I become impatient with my son’s normal toddler behaviors. I react out of frustration, rather than responding with compassion. I’m sometimes overwhelmed by his big emotions. I can’t always be the calm in the eye of his storms, or provide the grounding presence that he needs.
Life used to be predictable, my efforts leading to their intended results. I used to thrive based on my accomplishments. I expected perfection from myself, fully accepting the illusion that achieving it was possible.
But Life brings us what we need, presents us with circumstances that allow us to grow into the people we’re meant to become. I won’t claim to understand the infinite reasons this little person was brought into my life, but, clearly, I’m supposed to be learning to be more comfortable with imperfection. It seems that Life believes that I will benefit from a continual lesson in accepting my own shortcomings.
And yet, this indescribable love I feel for my son often renders me powerless against the specter of perfection. The stakes seem so high, and I want more than anything to provide the very best for him. My previous life’s endeavors seem inconsequential compared to being his mother. Never before have I wanted so deeply to achieve perfection, and never before has it been so impossibly out of reach.

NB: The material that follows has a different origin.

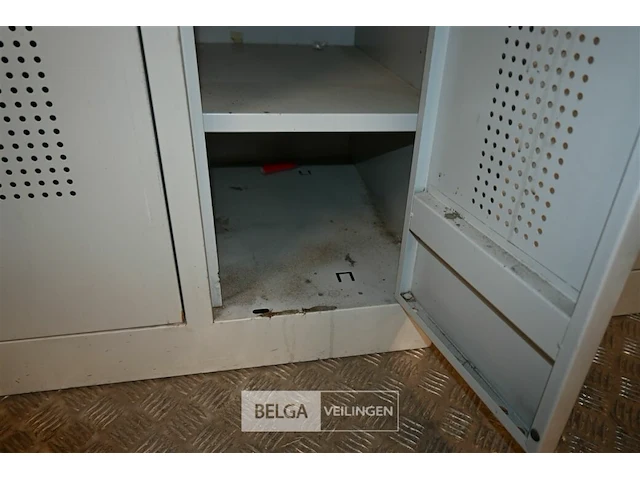 2 x metalen lockerkast voor 2 personen - afbeelding 4 van  4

Because, let’s face it, parenting isn’t exactly conducive to being your best self. The constant fog of sleep deprivation. The near impossibility of meeting your own needs, even with the best of support. The ease with which you can forget that you even have needs, needs separate from those of the little person whose life has, in some ways, become your own. Not to mention that if you have any leftover emotions from your own childhood, they will most certainly resurface when you become the parent.
Perhaps it’s our indescribable love for our children, a love that can feel crushingly weighty, that leads us to impose upon ourselves this pressure to accomplish the impossible. Or maybe this drive for parenting perfection is the fault of our culture’s unrealistic imagining of motherhood, a sugar-coated version of reality in which complete self-sacrifice never leads to resentment.
In any event, the truth is, our children don’t need us to be perfect. They simply need us to be “good enough.” To be real human beings, complete with faults. To continue showing up, not letting our perceived failures get the best of us. To take care of ourselves, so that we can better take care of them.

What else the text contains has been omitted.